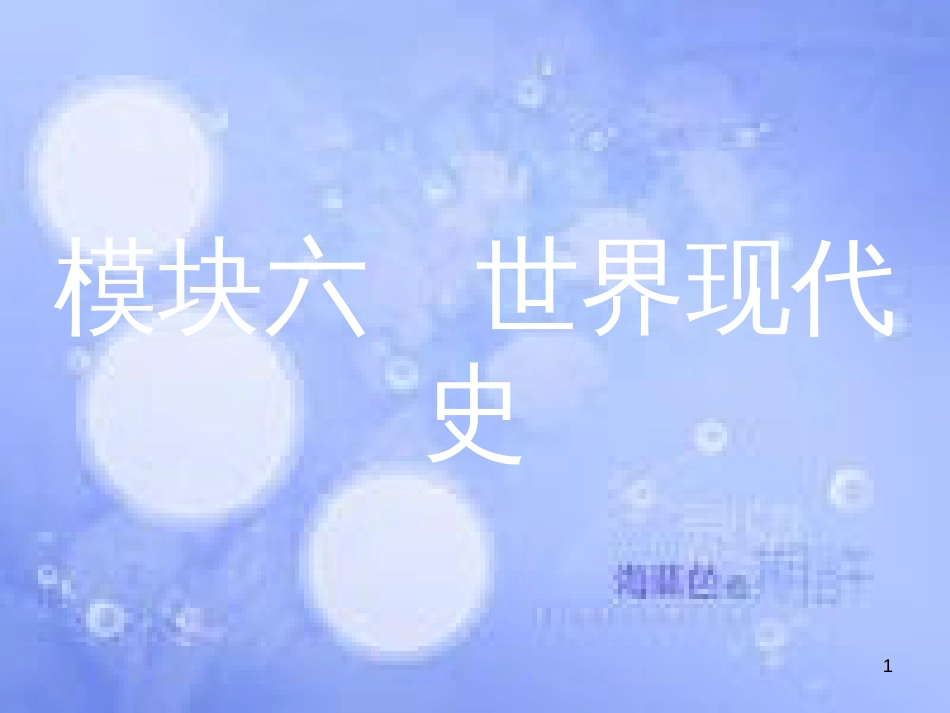 安徽省2017年中考历史 第一部分 教材知识梳理 模块六 世界现代史 主题一 苏联社会主义道路的探索复习课件_第1页
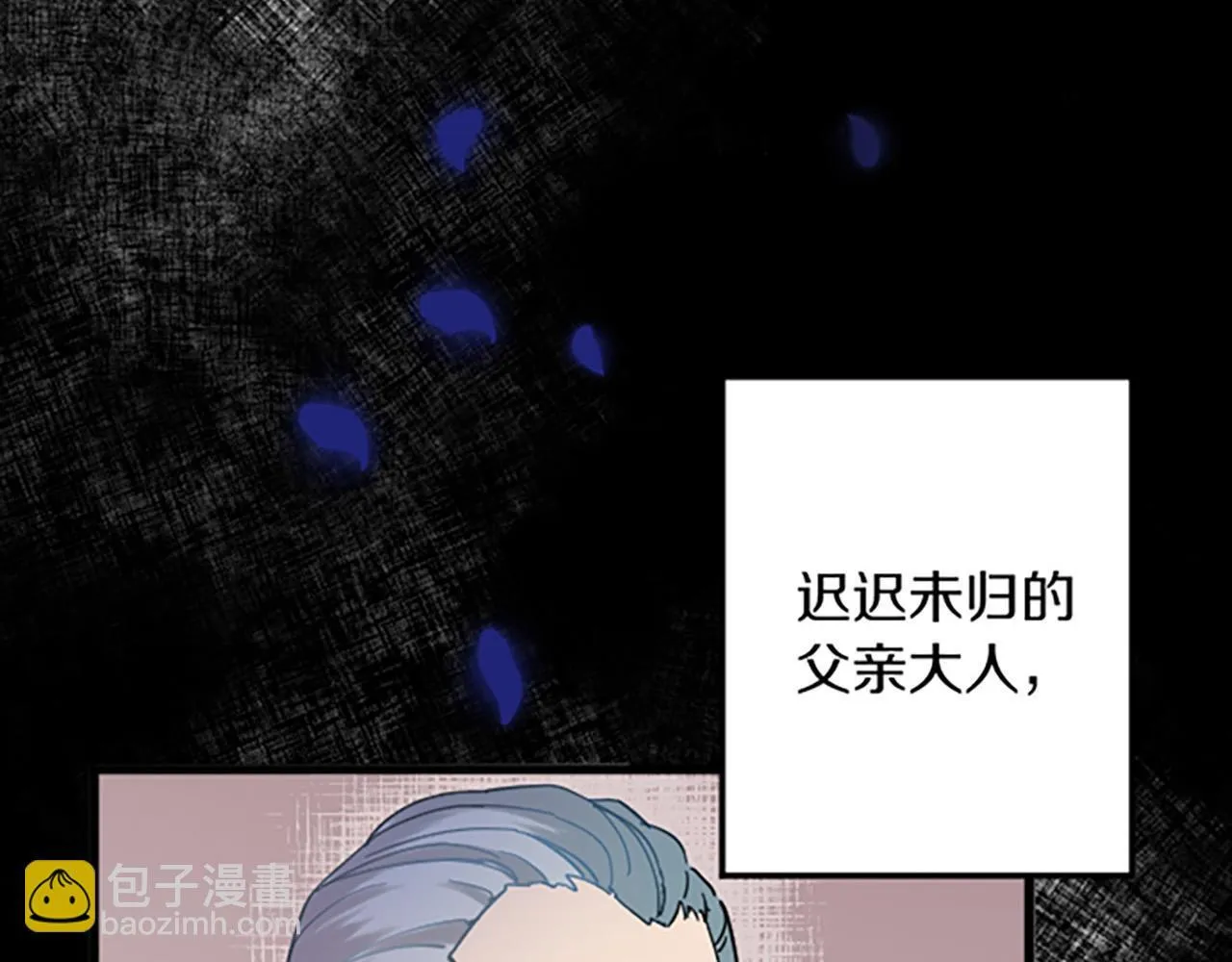第1话 重新来过 第76页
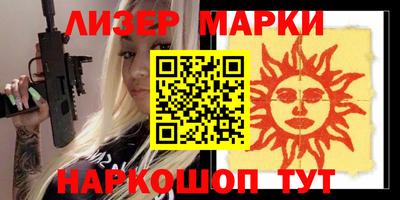 таблы Бийск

— YOUR OBJECTIVE —
If the listing above includes images, copy every line of it exactly except those images.

— SOLUTION FOR THIS TASK —
 安徽省2017年中考历史 第一部分 教材知识梳理 模块六 世界现代史 主题一 苏联社会主义道路的探索复习课件_第1页
第1话 重新来过 第76页
 таблы Бийск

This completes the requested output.